Tammy and Jordan Myers' twin babies, Eames and Ellison, were born via a surrogate last January.
Now nearly one year later, the Grand Rapids, Michigan, couple is still embroiled in a legal battle to adopt their twins, who are their biological children.
"Since they got out of the NICU, we've had them with us every second," Tammy Myers told "Good Morning America." "But we are still not listed on the birth certificate as their parents."
The Myers, already parents to a daughter, Corryn, began their journey to surrogacy in 2015 when Tammy Myers was diagnosed with breast cancer and doctors told her that becoming pregnant would carry a risk.
"With my cancer, it was highly hormone positive, so carrying a second baby would likely bring my cancer back," she said, adding, "We were just getting started with our lives and planning to grow our family."
Tammy Myers froze her eggs and the couple said they decided to grow their family by using a gestational carrier, whom they found through social media and whom they did not compensate.
The Myers said they worked with an attorney from the beginning of the process because they were aware of Michigan's surrogacy law, the Surrogate Parenting Act of 1988, which requires anyone who has a child through surrogacy to be either recognized by a judge as the legal parent or go through the adoption process.
In the United States, states have the power to decide surrogacy laws.
Michigan joins Louisiana and Nebraska in having the strictest surrogacy laws in the U.S. currently, according to Creative Family Connections, a surrogacy agency and law firm headquartered in Chevy Chase, Maryland.
The Myers -- whose story was reported by People magazine this month, National Adoption Month -- chose to apply for a pre-birth order, which would have put their names on the babies' birth certificates at the time of their birth and given them all legal rights to their children, according to Tammy Myers.
The couple was in the middle of applying for a pre-birth order in January 2021, when their babies were born eight weeks early.
"We were still kind of in the middle of starting the legal process and applying for a pre-birth order, so all of that was thrown into question for us," said Tammy Myers. "Literally minutes after they were born, we were on the phone with our attorney and talking to the hospital social workers and just trying to figure out if we were allowed in the NICU and could we make medical decisions."
Added Jordan Myers, "Here we had our dreams coming true and it just felt like it was the floor was falling out from beneath us and now we were kind of being thrown into a bit of a tailspin from a legal perspective.
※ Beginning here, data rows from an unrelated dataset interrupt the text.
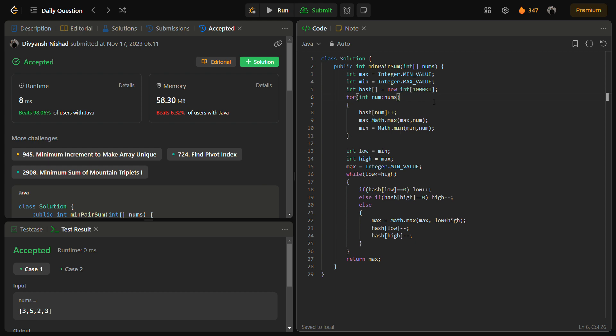I hope you understood the video. First, we take the minimum and the maximum, then we pair up the minimum element with the maximum element, storing the maximum of those pair sums. This was my solution approach for today's problem. I hope you understood the logic. Thank you for watching — please do like the video, have a nice day.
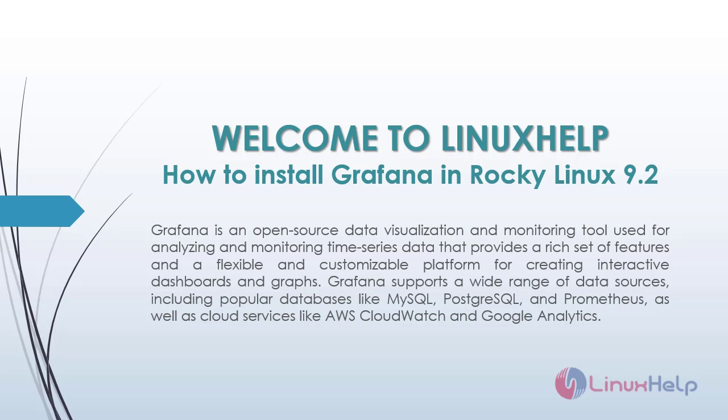Welcome to Linux Help. In this today's session, we are going to see how to install Grafana in Rocky Linux 9.2.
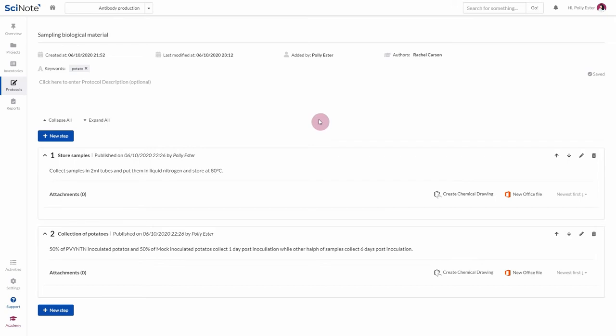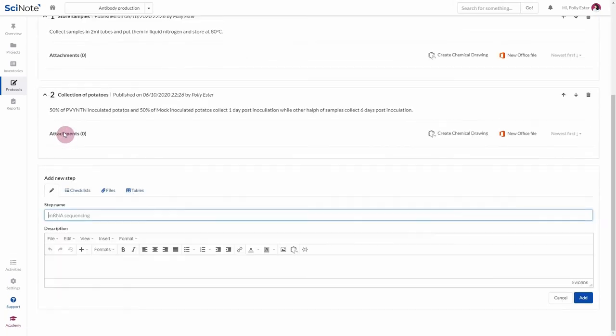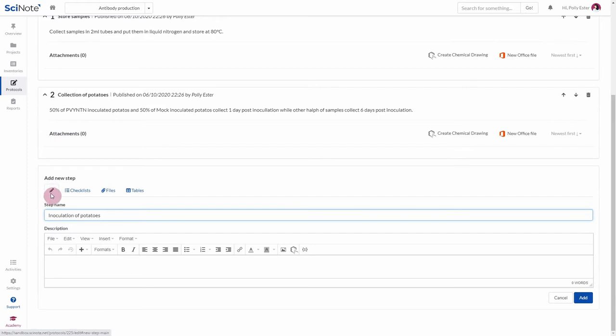To create a new step, click the blue button New Step. Every step needs to have a name. The rest is optional. You can choose between four types of content to add to a step: Text, Checklists, Files and Tables.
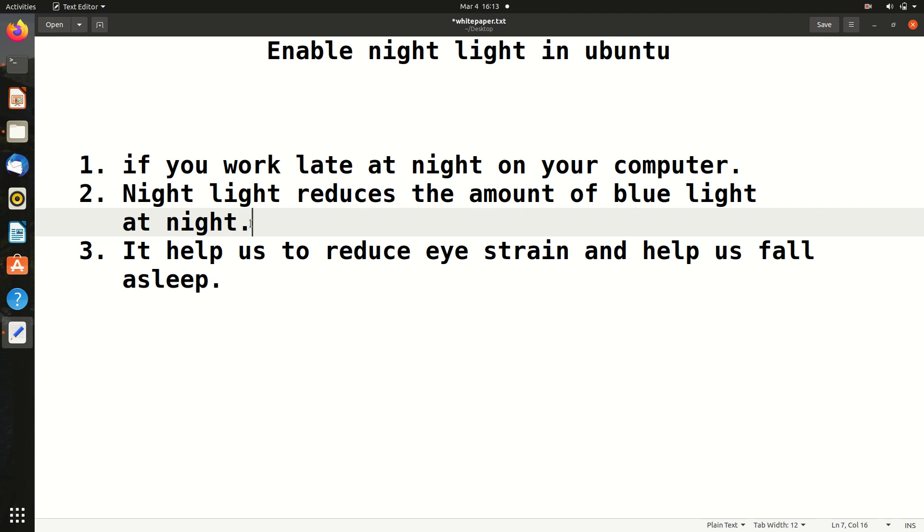Whenever we work late at night, our sleep becomes disturbed. So by enabling the night light, it will help us reduce eye strain and help us fall asleep, so we can have quality sleep.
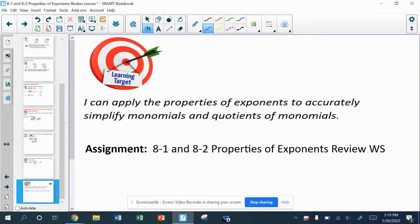I hope that review helps and that you're ready for the worksheet today. We have a worksheet that mixes all of this together, and there is a learning check for you in Schoology. Let your teacher know if you need any help.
It was really hard."
Because a pre-birth order was not approved by a judge before the twins' birth, the Myers have had to go through the adoption process, according to their attorney, Melissa Neckers.
"Because there isn't a clear path to obtain full custody if a pre-birth order is not issued, it's tricky," said Neckers, adding of the Michigan's surrogacy law, "It's something that really needs to be updated to keep up with the technological advances with fertility in general."
The Myers were appointed as their children's legal guardians at birth. They have also been the sole caregivers for Eames and Ellison since their birth.
Jordan Myers said the adoption battle has been a "huge hit" to the family. In addition to the emotional struggles, they have also had to go through the normal rigors of qualifying for adoption.
"We have to go through background checks and home inspection, a lot of rigorous things that you normally have to go through when you're doing an adoption process for a child that's not your own," he said. "Our babies are biologically ours, so it's a hard pill to swallow."
The Myers said they hope to see the law changed in Michigan so that other families do not have to go through what they have experienced.
"I do wish that the laws were different in Michigan," said Tammy Myers. "I wish that we didn't have to fight for the rights to be the parents of our own biological children. Honestly, that's my only wish."
The couple said they also hope to complete their own adoption process soon and move forward as Eames and Ellison prepare to turn 1.
The Myers said they have the support of their gestational surrogate, who continues to be in their family's lives but is not involved in Eames' and Ellison's upbringing.
"She has stood right behind us and would want nothing more than for us to be recognized as the legal parents to both babies and ultimately for us to push for a change here in Michigan so another family never has to walk this path," Jordan Myers said of the surrogate. "She's been amazing."